While doing wildly unrelated research, I came across the "AI Box Experiment" pages. After reading a bit, I was surprised to see ANY outcomes where the AI was let out; it seems fairly self-evident to me this should not happen. Because the conversations are private, I have not seen the arguments the AI player made - but while thinking about it, I suspect I can make a Gatekeeper argument that can counter them all - ie. I can argue to keep it in the box, and what the AI says is irrelevant.
Here is the argument, in the form of a "proof". I hesitate to use that term - it lack the rigor of a proper proof - but it is perhaps the framework or outline of a real proof, if you agree that the logic is basically sound. If you do not - I, personally, would appreciate reasonable, supported arguments about where it fails. I trust this community will not fall prey to the usual tropes of wishful thinking and so on. I would ask you follow each item, and only proceed if you agree; like any proof, my later statements build on the prior ones, and if you do not find #3 convincing, for example, the later ones will likely be less so.

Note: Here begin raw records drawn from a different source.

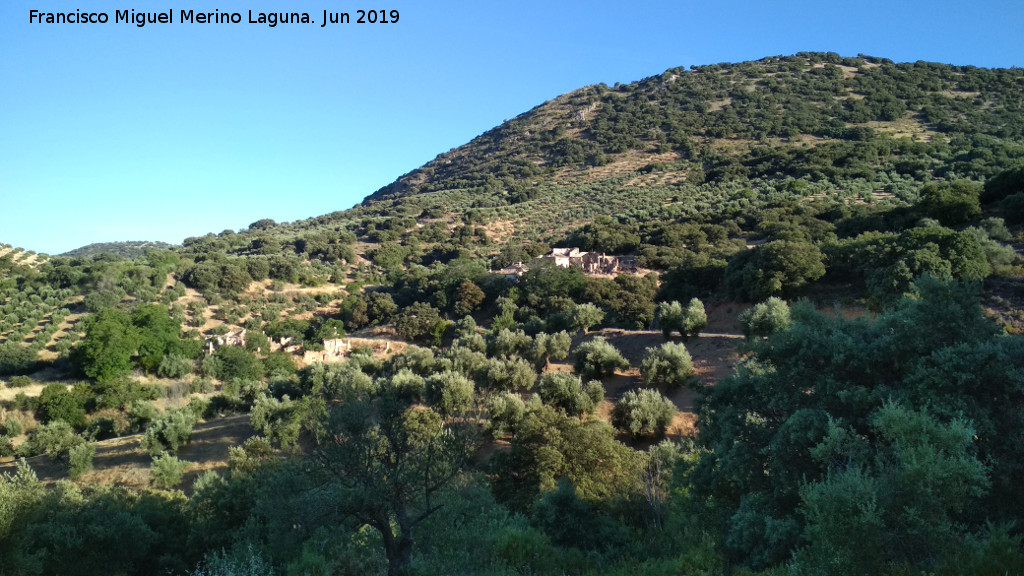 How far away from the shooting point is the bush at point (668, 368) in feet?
53.0

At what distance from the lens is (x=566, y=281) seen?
28891 millimetres

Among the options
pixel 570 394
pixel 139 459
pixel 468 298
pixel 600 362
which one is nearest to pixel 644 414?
pixel 570 394

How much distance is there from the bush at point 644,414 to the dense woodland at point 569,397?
0.08 meters

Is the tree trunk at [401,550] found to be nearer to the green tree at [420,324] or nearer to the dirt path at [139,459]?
the dirt path at [139,459]

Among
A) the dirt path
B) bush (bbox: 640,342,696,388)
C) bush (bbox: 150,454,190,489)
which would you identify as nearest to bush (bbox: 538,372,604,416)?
bush (bbox: 640,342,696,388)

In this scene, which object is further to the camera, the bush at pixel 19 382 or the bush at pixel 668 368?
the bush at pixel 19 382

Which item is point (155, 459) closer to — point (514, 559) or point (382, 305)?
point (514, 559)

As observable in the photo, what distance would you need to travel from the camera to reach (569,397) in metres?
15.4

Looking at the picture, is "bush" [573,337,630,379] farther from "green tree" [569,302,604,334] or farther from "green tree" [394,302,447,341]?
"green tree" [394,302,447,341]

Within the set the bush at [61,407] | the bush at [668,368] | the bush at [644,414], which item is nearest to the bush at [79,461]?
the bush at [61,407]

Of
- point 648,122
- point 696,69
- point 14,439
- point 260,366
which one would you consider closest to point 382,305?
point 260,366

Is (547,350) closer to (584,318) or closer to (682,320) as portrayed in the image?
(584,318)

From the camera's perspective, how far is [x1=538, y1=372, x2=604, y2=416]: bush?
50.1ft

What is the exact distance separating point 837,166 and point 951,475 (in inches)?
2013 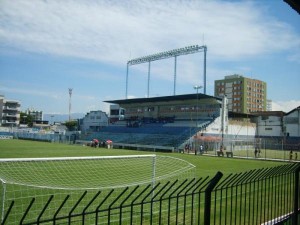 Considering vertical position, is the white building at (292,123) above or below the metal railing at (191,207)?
→ above

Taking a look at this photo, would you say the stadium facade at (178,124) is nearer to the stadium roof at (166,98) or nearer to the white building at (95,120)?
the stadium roof at (166,98)

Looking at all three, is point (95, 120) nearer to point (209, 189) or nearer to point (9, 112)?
point (9, 112)

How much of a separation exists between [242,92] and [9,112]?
8256 centimetres

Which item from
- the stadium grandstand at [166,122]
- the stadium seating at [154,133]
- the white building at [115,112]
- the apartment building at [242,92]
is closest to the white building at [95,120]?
the white building at [115,112]

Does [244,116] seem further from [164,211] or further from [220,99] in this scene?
[164,211]

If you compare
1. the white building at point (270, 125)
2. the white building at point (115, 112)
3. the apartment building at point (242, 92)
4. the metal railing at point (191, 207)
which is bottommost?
the metal railing at point (191, 207)

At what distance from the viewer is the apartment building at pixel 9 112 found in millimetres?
117438

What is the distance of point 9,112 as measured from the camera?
11956 centimetres

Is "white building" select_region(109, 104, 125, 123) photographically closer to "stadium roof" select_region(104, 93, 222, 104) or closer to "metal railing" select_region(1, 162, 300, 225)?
"stadium roof" select_region(104, 93, 222, 104)

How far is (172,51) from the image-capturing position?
62.7m

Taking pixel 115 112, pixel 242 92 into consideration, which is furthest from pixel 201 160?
pixel 242 92

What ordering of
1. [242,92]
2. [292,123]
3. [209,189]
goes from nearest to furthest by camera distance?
[209,189], [292,123], [242,92]

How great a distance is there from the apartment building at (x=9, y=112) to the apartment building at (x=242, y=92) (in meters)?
A: 73.5

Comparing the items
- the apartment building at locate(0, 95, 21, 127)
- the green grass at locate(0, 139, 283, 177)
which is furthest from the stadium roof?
the apartment building at locate(0, 95, 21, 127) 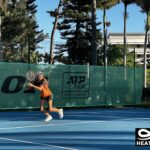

I would also be interested in hearing what kind of arguments an AI in a box could make (from people who have played, or not) that would be convincing, especially in response to the position below. I can't think of any, but I am not a superintelligent AI, nor have I played one on TV (or thought about this for years), so maybe you have a good one.
Without further pause - cut and paste (and a ton of edits)!
###1) The AI did not always exist.
The point here is simply to establish that the universe had a state prior to the existence of the AI that, while perhaps not ideal, is tolerable.
###2) Likewise, human intelligence did not always exist, and individual instantiations of it cease to exist frequently.
In other words - people are born, learn and are educated, think, and eventually die, or at least that has been the state of things until now.
As with 1, this is simply establishing what I will call the "status quo", the existing state of things against which any benefits/drawbacks of decisions made can be measured.
###3) The status quo is fairly acceptable.
While an "improvement" in the status quo of some sort is desirable, it is by no means a necessity or responsibility, we could get along just fine for an arbitrary period of time if necessary with things just as they are.
###4) Godel's Theorem of Incompleteness is correct.
This is I hope a gimmie - it is really the implications of it that concern us here. In layman's terms, his theorem is that any sufficiently complex system of math/logic (and what we call "math" in the normal sense, plus things that can represent it, like the English Language) has statements that are unprovable, yet true, and not falsifiable, yet false. Thus, it is possible that certain questions about the AI, such as what is coming up, may be true, yet unprovable.
###5) The AI can lie.
This is a postulate of the AI Box test; I believe I can show that it is also irrelevant, but save that a bit. Aside from incompleteness, it seems reasonable to me that analysis of the mentation of a superintelligent AI is unlikely to be successfully done by less intelligent creatures like us, not in any practical matter, so even if you designed the AI to be truthful - people are imperfect, and it is entirely possible for "The AI cannot lie" to be one of the unfalsifiable falsehoods mentioned.
###6) The AI cannot therefore be "trusted".
Any assurances that it makes are suspect unless they can withstand independent scrutiny, including formal proof. Worth noting is that there are statements it could presumably make that are provable - but which we are not intelligent enough to follow the proof of. We would, of necessity, need to treat these as unprovable for the decisions below.
###7) The AI could be "paused", without harm to it or the status quo.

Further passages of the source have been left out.